So how do we fix it? Well, I can't type the whole chapter, but is marriage counseling an option for the two of you? Counseling would offer you both a neutral place to learn to express your desires and needs to each other. Women have this great need to be loved, and men have this great need to be respected. And it is so hard to look past our own needs, and give the other spouse what they need. But I'm sure after 16 years of marriage, you are aware that sacrificial love is sometimes needed (and I use the term "sacrificial" because you aren't feelin' the love but choose to love back because you want to save your marriage). 
Hope this helps and thanks for posting today. Take care.


----------



## ne9907 (Jul 17, 2013)

sounds like your husband is depressed and has been for quite a while. Has he retired from the military? Could it be PTSD?
I suggest marriage counseling if you want to salvage your marriage. THe time to walk on eggshells and be idle is gone, YOU must start being pro active to save your marriage if that is what you want. Your husband will not because he may not realize something is wrong.
Marriage counseling and individual counseling.
Good luck to you both


----------



## honcho (Oct 5, 2013)

I am sorry that you have reached the point where you are this frustrated with your relationship. Each individual piece may not be a dealbreaker but the overall picture has gotten you to that point. 

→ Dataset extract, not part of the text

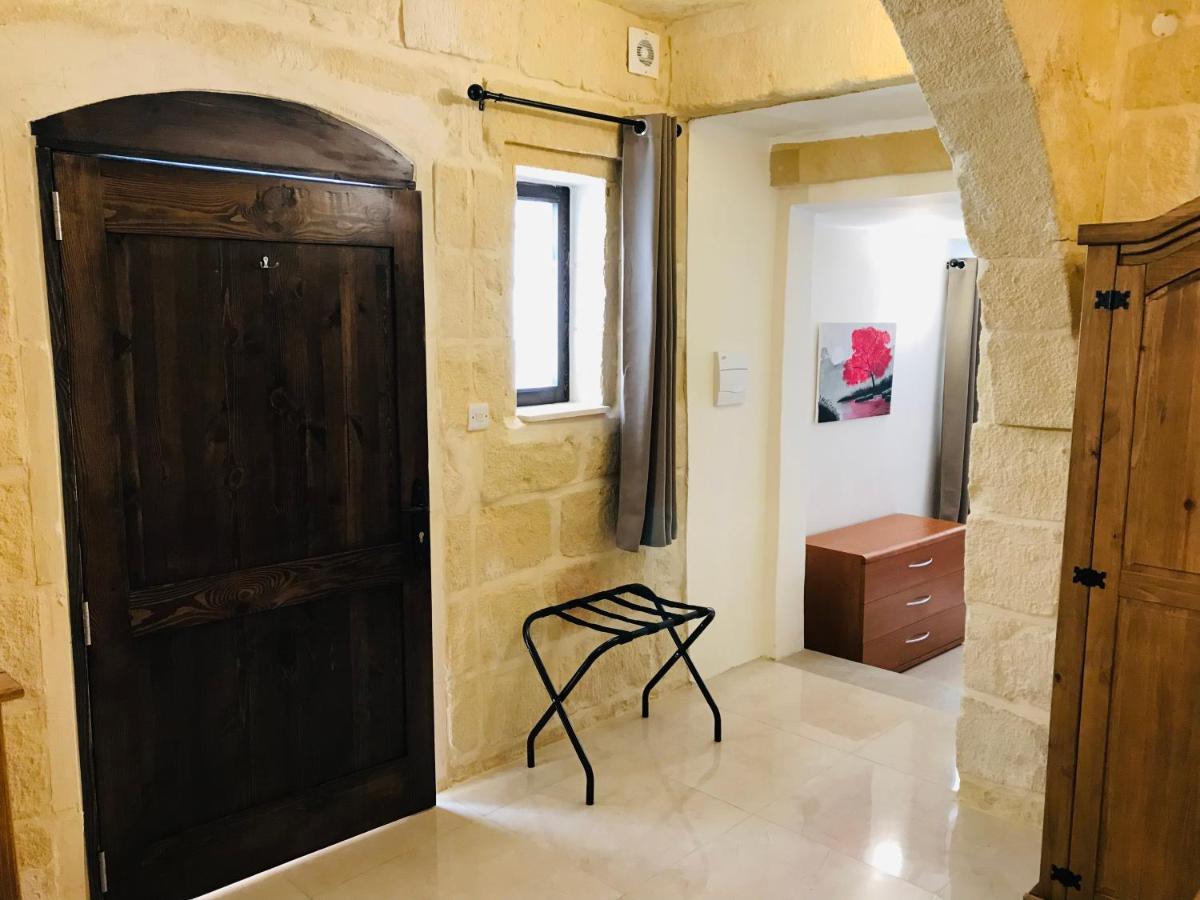 Xagħra The Cloisters Bed And Breakfast מראה חיצוני תמונה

You obviously want some change, ask yourself a couple of questions. How many times have you asked, complained, yelled about certain things. Has any of it changed? Most likely not. Has there ever been any penalty for things not changing, again probably not. Your husband hears your complaints as idle threats. In his head why should things change, dinner is still on the table, his underwear is still washed, his wants are being taken care of.

Instead of talking or complaining about a problem why don’t you try and back it up. Give him the ultimatum so to speak and if he doesn’t make a deadline this will be the consequence. When the time comes you better then back up the consequence, stand up for yourself. He doesn’t have any penalty for not doing things and he is coasting by because you will do it. 

After sixteen years you both know each other pretty well, you also know that everything you have tried has failed to get his attention. You want an equal partner in the marriage yet he doesn’t view you that way. Till he starts to view you as an equal partner and not a convenience item its not going to change. 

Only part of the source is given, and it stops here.